Like science, however, philosophy is not wisdom, which has nothing to do with logics, informations, and opinions in turn. Wisdom is knowledge acquired through prolonged experience – knowledge in the sense of the Latin term sapere, which is the present active infinitive of sapio, “to taste.” Therefore, it can only be acquired with age. Unlike the moderns, who put their elders in nursing homes, indigenous peoples are very-much aware of it: for them the elders, having lived as much as they have, have turned the world in their world; this is the reason for which you ask them about no matter what, before asking anyone else.
Philosophy’s basal intuitions, however, open to something else, as well: they open to a sort of “essential thinking” – as Heidegger calls it – that lies at its root, and which is linked in turn to both poetry and mythology. But on this we will write another day. Suffice it for now to point to it and, thereby, to underline that philosophy has non-philosophical origins which are not its past, though, but its living root.

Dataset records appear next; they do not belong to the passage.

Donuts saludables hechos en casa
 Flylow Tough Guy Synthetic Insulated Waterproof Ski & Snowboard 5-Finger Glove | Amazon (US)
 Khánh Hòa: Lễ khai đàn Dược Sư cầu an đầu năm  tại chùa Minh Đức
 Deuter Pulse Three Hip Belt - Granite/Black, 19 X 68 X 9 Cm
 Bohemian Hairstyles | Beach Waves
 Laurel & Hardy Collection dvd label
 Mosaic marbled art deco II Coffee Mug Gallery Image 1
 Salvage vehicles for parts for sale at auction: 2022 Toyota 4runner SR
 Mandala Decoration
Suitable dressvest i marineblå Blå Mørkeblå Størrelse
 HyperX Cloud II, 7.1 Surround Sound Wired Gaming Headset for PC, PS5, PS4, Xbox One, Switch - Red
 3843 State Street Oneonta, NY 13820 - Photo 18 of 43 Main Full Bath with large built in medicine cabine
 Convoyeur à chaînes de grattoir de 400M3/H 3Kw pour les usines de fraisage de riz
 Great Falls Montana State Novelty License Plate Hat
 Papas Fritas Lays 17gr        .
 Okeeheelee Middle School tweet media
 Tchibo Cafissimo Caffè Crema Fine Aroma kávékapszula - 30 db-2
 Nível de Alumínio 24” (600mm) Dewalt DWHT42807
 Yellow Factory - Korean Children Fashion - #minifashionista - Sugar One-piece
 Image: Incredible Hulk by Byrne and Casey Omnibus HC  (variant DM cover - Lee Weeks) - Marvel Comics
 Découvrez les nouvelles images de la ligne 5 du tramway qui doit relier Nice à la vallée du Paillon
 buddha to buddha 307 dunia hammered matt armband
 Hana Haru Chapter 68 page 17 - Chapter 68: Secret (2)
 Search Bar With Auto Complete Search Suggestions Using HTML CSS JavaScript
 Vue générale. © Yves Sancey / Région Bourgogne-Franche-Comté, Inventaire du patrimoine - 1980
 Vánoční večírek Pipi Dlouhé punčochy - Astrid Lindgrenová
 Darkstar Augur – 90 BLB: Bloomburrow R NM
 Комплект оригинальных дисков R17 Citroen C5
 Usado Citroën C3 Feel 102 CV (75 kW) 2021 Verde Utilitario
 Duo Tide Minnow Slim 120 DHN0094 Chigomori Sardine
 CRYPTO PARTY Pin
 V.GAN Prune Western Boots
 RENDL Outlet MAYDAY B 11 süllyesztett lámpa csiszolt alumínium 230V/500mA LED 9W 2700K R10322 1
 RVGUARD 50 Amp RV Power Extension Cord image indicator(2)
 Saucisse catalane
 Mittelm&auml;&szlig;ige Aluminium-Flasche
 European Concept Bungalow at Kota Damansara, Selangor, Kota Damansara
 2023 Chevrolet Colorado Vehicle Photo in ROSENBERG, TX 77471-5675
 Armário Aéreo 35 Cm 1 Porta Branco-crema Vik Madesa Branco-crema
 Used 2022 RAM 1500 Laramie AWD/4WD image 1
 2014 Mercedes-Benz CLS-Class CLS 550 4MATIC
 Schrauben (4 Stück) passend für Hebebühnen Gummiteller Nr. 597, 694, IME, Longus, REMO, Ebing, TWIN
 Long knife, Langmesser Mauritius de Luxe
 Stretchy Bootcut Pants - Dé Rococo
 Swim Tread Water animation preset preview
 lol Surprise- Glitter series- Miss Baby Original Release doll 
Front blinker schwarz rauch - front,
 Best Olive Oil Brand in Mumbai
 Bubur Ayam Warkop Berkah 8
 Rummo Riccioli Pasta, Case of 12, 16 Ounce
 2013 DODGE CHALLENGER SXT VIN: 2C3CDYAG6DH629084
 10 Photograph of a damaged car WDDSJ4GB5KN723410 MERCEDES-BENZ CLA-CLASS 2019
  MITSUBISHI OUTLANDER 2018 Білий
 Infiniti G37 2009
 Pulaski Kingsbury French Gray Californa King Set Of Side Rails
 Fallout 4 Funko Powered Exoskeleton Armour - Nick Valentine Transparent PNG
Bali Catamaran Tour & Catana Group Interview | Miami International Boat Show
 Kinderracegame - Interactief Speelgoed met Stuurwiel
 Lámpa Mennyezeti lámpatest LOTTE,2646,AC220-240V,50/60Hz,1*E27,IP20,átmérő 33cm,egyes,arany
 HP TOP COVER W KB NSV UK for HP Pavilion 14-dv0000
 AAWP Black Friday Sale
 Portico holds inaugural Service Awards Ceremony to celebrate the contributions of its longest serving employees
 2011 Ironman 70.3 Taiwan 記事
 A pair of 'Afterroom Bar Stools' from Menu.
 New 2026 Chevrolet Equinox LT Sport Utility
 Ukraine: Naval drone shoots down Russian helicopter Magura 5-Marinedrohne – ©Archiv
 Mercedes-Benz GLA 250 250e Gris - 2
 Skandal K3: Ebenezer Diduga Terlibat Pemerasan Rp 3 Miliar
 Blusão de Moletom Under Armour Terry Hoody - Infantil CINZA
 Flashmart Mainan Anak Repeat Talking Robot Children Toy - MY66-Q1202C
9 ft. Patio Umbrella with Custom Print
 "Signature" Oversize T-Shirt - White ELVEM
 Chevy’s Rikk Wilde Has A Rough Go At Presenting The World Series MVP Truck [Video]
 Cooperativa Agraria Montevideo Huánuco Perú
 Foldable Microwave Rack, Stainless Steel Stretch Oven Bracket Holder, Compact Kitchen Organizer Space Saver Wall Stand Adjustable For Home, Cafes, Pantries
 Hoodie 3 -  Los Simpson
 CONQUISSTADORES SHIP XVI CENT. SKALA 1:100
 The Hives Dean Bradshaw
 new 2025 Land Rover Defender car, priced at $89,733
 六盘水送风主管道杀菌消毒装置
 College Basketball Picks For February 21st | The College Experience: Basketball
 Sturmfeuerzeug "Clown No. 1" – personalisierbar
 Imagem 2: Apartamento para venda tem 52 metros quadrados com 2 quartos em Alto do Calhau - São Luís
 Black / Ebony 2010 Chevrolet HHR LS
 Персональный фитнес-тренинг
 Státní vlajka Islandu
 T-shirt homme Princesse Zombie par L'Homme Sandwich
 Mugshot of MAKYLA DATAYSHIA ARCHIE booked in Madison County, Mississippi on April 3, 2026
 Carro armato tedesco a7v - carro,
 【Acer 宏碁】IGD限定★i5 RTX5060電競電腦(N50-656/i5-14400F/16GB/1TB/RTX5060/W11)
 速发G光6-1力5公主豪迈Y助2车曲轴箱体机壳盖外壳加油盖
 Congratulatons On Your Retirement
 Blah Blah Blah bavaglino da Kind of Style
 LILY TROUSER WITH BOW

It is important to stress it, we think, in a time in which philosophy is not only often confused with logic, information, science, and wisdom, but also with a discipline put into the service of finding out the material genealogy of such and such ideas, that is to say, which political positions they allegedly reflect and how do they contribute to class struggle (Marx), and whether they conceal some kind of irrational will after all (Nietzsche) – which, in short, makes of the philosopher a mere Kulturkritik.
Kant’s statue in Kaliningrad (former Königsberg) splashed with pink paint in 2018 after his name was nominated for relabelling the city’s airport – Kant was not only accused of being “unpatriotic” because of being German instead of Russian (!); he was also accused, perhaps more importantly, of having written “incomprehensible books that no one reads.” Isn’t it beautiful?